**Task goal:** Nothing but the lines from the one containing "ASIENTO DELANTERO DERECHO" through the last line of the material should appear in the answer, transcribed exactly, pictures excluded.

------ Collected data ------

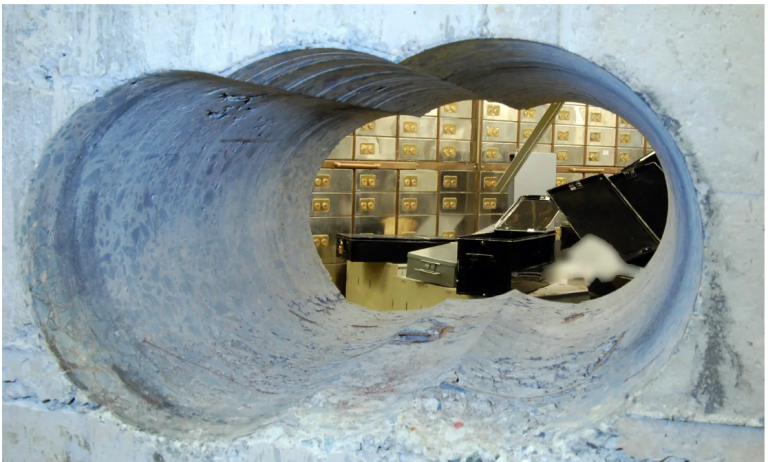 Merkez Bankası Rezervlerinde Görünmeyen Açık: Artış Var Mı Gerçekten? 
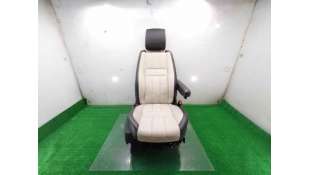 ASIENTO DELANTERO DERECHO LAND ROVER RANGE ROVER SPORT (2006-2013) 3.6 D 4X4 272CV 3628CC - L.8039028 / LR023767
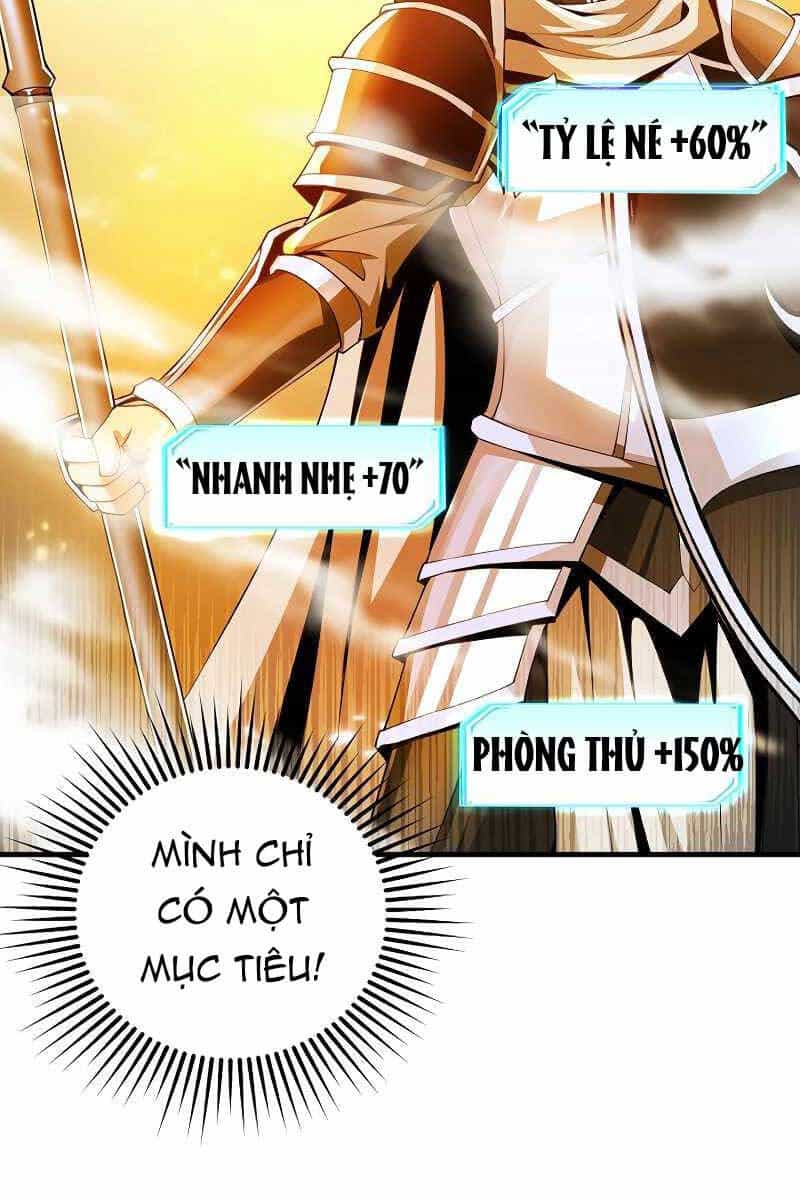 Đăng Nhập Thành Quái Vật - Chương 1 - ảnh 127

------

**Solution to this exercise:**
 ASIENTO DELANTERO DERECHO LAND ROVER RANGE ROVER SPORT (2006-2013) 3.6 D 4X4 272CV 3628CC - L.8039028 / LR023767
 Đăng Nhập Thành Quái Vật - Chương 1 - ảnh 127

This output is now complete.